Of course it's not wrong Emma, but I do believe you have to think about what you still want and figure out how to get it. We can figure it out together! A while back, I realized I didn't have any more "dreams" and that made me sad. Now I have one, for whatever it's worth!
Well, I do know what I want: I want to enjoy my life and I'd like to enjoy the company of others who value living. I want to continue to grow and learn and have adventures. And when the going gets rough I want equinimity (because even when it's rough, joy is still to be found.)
I have plenty of dreams, but I prefer realities. That's always been my problem.
I'm with Emma. Stuffed with dreams, but mired in realities I am. And my head hurts.
Just want you to know I came and read. Off to work but I'll come back this afternoon to comment.
Hug!
When I was young? I wanted happiness, security, a family (including a life-long love), and to be forest ranger. I'm no ranger but I have all of the other things. I worked hard for all of it. Damned hard. And, I'm glad I did.
Now? I'd still like to find a way to be in the woods and make a living. Maybe I'll go back to school before too long.
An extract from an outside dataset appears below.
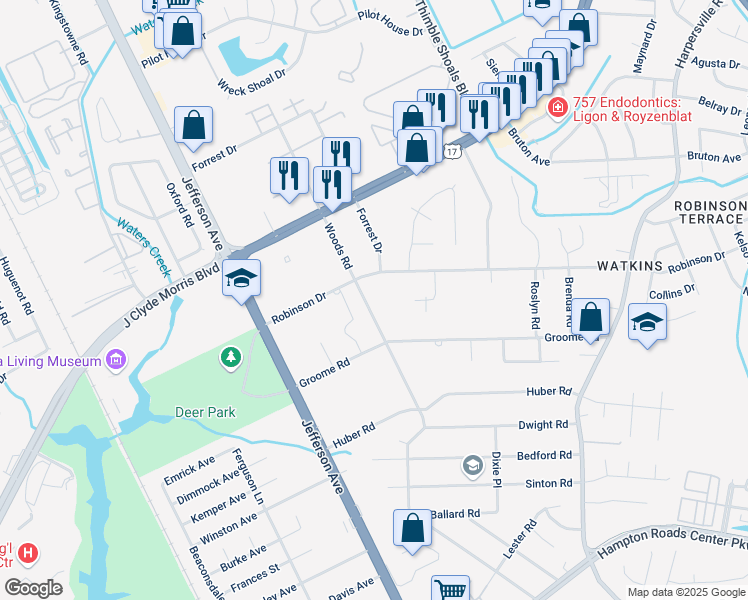 map of restaurants, bars, coffee shops, grocery stores, and more near 612 Woods Road in Newport News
I believe in dreams, as long as they are followed up with action. It's the action that provides happiness.
I should add that the dreams come easy for me. The action? Much harder. Much.
All I want is to know at the end of the day I accomplished something. I am a dreamer with many dreams. rAted!
Hi W-A-P I like to find the joy in the roughness too. Sometimes it's hard but you're right, it's always there if you look hard enough.

Emma and Benjamin - when I was younger, I was often accused of being a dreamer - ut to me - the dreams are just the visualization of the reality I am after. I don't actually spend time (not much anyway) dreaming about how I'll spend the $250 million Powerball win!

Hi Gracie, yes dreams without action are pretty useless. Sounds like you know how to follow an action plan! It's the actions I am looking for now myself. I hope you find that way to live in the woods and make a living too. I'd envy that.

Hi Chuck - I hate the feeling at the end of a day with nothing accomplished! Or, more often, not enough accomplished. Do you have any action plans for making your dreams a reality?
Hi Sharon, thanks for stopping by. I was thinking of you as I wrote this. I know you're in the middle of action-implementation and I am excited for you!
@Kellylark
I'm currently working on a batch of short stories for publication.
Then that's the plan Chuck. Brava!
Ah. Great post. I still want, Kellylark. I find that when we want, we must act, which can be so difficult when we're beaten down by the pressures of the world. If you can still dream, you can still achieve! So I say, whatever it is you still want, go for it!!!!! God didn't use Moses til he was 80! So I'd say, you and me both still have plenty of time!!!! :)
I was insane when I was young, so a lot of that doesn't count. Now? Now every time I/we make a plan, it gets completely sidetracked. So I dream, and I try to keep my eyes open for the doors that open, and I try not to get too stuck on the outcomes. The only way I've made it this far was to learn to enjoy the journey - and it continues to be an adventure!
mama you're still woking on some of those dreams aren't you? One step at a time. I'm going to figure it out, or else figure out an alternate want that is acheivable. Compromise is good!

Owl - watching for those open doors - I like that plan! And yes, it's still an adventure which makes it all worth while.
Ah yes, Kelly, still working on it. Still working on it :)
Well, I finally got back. I went to a beautiful place this afternoon that always calms my spirit. Took pics to share soon.

My life got sidetracked very early with the cult, then children that I home schooled and by the time that was over I was working at a bottom-feeder job and have never left that track. At 60 I turned around to look at where I had been. You know the story from there.

When I graduated from high school I very much wanted to work for the CIA. Now all I want is to get out of debt and, as you, lose weight. Of course, you know from yesterday's blog, I want someone who will fight for me. I think I might have a better chance of working for the CIA. ;)

Good luck on your 2 acres. From one fighter to another.